Angry Birds (iPhone)
Feb 17th
Angry Birds is only game I played last night. I only had a three or four levels left to get three stars on and, though some were tricky, I made it in the end.
Still some achievements left to get. There’s an interesting one I need to do by upping my score on the first batch of levels by 20,000 points, but the others are all “destroy X of Y” snorefests.
After that there are the leaderboards. Apparently, I’m top of one of them, but there’s no easy way to check, so I’ve no idea which level I’ve achieved godlike status on.
Angry Birds (iPhone)
Feb 16th
If I could change one thing about Angry Birds, I’d have it display the score targets for the star rankings somewhere. There’s nothing more annoying than beating your old two-star score by a few thousand points only to find that you still have reached the elusive three-star score.
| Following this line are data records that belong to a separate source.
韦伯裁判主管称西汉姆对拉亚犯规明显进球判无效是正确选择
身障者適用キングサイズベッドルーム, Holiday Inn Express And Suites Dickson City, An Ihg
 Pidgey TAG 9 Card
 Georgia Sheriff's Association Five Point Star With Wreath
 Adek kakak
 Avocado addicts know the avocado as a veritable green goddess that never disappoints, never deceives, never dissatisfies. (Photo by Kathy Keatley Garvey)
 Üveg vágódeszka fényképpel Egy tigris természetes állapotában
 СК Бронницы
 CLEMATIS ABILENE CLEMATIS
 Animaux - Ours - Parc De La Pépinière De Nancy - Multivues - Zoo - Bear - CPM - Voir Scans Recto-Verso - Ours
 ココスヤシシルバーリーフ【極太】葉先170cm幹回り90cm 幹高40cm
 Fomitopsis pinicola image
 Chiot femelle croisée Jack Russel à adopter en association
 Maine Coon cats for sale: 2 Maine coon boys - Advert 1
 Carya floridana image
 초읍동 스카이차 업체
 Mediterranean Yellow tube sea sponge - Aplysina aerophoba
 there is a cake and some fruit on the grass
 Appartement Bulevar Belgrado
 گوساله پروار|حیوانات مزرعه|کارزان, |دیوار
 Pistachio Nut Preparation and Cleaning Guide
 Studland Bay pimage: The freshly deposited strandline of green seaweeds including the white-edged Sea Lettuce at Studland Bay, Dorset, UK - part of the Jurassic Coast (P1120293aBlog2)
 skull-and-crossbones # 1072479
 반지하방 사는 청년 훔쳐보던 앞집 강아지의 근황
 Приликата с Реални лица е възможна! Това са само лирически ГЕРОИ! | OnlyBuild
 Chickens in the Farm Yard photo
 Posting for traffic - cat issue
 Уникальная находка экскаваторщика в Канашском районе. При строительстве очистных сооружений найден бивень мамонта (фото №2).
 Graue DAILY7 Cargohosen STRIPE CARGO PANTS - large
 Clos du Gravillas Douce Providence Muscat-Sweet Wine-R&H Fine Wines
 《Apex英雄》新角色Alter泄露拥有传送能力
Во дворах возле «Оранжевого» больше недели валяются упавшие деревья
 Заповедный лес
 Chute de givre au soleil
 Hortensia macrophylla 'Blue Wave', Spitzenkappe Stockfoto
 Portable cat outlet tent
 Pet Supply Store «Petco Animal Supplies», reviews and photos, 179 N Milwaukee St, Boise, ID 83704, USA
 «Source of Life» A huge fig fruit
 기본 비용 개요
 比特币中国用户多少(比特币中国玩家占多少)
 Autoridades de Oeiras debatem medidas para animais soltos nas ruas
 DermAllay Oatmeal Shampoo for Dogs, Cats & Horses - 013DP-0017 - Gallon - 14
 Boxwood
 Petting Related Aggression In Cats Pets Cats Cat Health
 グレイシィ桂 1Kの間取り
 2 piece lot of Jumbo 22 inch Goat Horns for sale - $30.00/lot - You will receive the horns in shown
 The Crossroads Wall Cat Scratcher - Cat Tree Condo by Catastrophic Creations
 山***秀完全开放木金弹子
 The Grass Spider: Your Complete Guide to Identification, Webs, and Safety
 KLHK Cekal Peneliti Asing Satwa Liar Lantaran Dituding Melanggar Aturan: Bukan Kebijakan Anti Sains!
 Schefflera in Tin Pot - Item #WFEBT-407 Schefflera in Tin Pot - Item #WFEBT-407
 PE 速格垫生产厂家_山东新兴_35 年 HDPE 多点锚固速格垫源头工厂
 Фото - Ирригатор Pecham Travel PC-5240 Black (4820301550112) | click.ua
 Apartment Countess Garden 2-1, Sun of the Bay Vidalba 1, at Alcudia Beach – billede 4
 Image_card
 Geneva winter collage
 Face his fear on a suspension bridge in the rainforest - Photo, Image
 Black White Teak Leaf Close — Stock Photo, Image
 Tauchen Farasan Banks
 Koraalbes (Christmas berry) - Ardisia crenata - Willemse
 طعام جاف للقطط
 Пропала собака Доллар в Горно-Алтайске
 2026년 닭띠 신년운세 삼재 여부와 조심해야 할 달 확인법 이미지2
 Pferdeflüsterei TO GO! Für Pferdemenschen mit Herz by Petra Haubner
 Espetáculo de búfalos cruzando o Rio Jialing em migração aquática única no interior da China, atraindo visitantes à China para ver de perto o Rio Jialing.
It happened several times last night. Everything went right, I beat my old score with ease, I expected to see three stars pop up, I was disappointed. I did manage to get three stars on another two or three levels, but the last few are proving very, very difficult to get. I’d at least like some sort of target.
Angry Birds (iPhone)
Feb 15th
Up to two stars on all the new levels now, but I’m having trouble getting three stars on some of them. I need to think harder – I’ve found that, generally speaking, if you’re having trouble getting three stars the problem lies in the plan, not the execution. Accuracy is important, but pixel-perfect positioning and blind luck don’t play as much of a part as many people think.
Angry Birds (iPhone)
Feb 12th
It’s back! A huge update came out last night adding achievements, leaderboards and – best of all – twenty new levels. (Actually, I have a feeling it’s twenty-two new levels, I’ll have to check.)
However many there are, I’ve completed them all now, but I need to go back and get three stars on them all and get all the achievements. Then maybe I can check out some leaderboard scores for some levels and see if I can get to the top of one of them.
If you’ve not got this game yet then there’s no excuse not to grab this, assuming you’ve got an iPhone or an iPod Touch. (Obviously.)